:: RAW DATA ::

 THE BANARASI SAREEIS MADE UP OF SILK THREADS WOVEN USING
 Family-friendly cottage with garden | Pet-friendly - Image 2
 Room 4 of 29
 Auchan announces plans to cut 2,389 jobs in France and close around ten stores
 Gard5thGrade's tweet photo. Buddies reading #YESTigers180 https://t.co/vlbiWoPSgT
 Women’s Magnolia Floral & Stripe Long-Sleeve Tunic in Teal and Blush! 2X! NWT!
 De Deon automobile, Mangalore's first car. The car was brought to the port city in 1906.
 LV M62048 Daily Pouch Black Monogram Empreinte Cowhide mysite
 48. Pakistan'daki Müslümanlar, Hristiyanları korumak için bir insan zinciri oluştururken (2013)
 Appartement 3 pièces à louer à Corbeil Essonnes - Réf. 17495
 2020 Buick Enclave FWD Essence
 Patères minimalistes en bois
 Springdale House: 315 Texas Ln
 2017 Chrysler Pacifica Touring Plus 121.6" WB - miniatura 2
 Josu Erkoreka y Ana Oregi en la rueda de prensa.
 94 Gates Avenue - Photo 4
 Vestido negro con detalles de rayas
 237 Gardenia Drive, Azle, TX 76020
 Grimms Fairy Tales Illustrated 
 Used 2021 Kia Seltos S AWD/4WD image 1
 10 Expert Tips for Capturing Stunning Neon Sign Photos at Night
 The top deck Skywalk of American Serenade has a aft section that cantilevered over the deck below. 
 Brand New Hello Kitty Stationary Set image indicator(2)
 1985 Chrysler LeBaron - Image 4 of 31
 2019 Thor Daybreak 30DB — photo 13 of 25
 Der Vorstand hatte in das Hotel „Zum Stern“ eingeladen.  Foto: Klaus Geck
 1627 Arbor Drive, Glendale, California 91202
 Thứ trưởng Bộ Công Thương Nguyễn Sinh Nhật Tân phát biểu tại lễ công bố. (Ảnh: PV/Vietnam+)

:::

• _YOUR GOAL_
Exactly as written above, reproduce all of the entries.

• _EXERCISE RESPONSE_
 THE BANARASI SAREEIS MADE UP OF SILK THREADS WOVEN USING
 Family-friendly cottage with garden | Pet-friendly - Image 2
 Room 4 of 29
 Auchan announces plans to cut 2,389 jobs in France and close around ten stores
 Gard5thGrade's tweet photo. Buddies reading #YESTigers180 https://t.co/vlbiWoPSgT
 Women’s Magnolia Floral & Stripe Long-Sleeve Tunic in Teal and Blush! 2X! NWT!
 De Deon automobile, Mangalore's first car. The car was brought to the port city in 1906.
 LV M62048 Daily Pouch Black Monogram Empreinte Cowhide mysite
 48. Pakistan'daki Müslümanlar, Hristiyanları korumak için bir insan zinciri oluştururken (2013)
 Appartement 3 pièces à louer à Corbeil Essonnes - Réf. 17495
 2020 Buick Enclave FWD Essence
 Patères minimalistes en bois
 Springdale House: 315 Texas Ln
 2017 Chrysler Pacifica Touring Plus 121.6" WB - miniatura 2
 Josu Erkoreka y Ana Oregi en la rueda de prensa.
 94 Gates Avenue - Photo 4
 Vestido negro con detalles de rayas
 237 Gardenia Drive, Azle, TX 76020
 Grimms Fairy Tales Illustrated 
 Used 2021 Kia Seltos S AWD/4WD image 1
 10 Expert Tips for Capturing Stunning Neon Sign Photos at Night
 The top deck Skywalk of American Serenade has a aft section that cantilevered over the deck below. 
 Brand New Hello Kitty Stationary Set image indicator(2)
 1985 Chrysler LeBaron - Image 4 of 31
 2019 Thor Daybreak 30DB — photo 13 of 25
 Der Vorstand hatte in das Hotel „Zum Stern“ eingeladen.  Foto: Klaus Geck
 1627 Arbor Drive, Glendale, California 91202
 Thứ trưởng Bộ Công Thương Nguyễn Sinh Nhật Tân phát biểu tại lễ công bố. (Ảnh: PV/Vietnam+)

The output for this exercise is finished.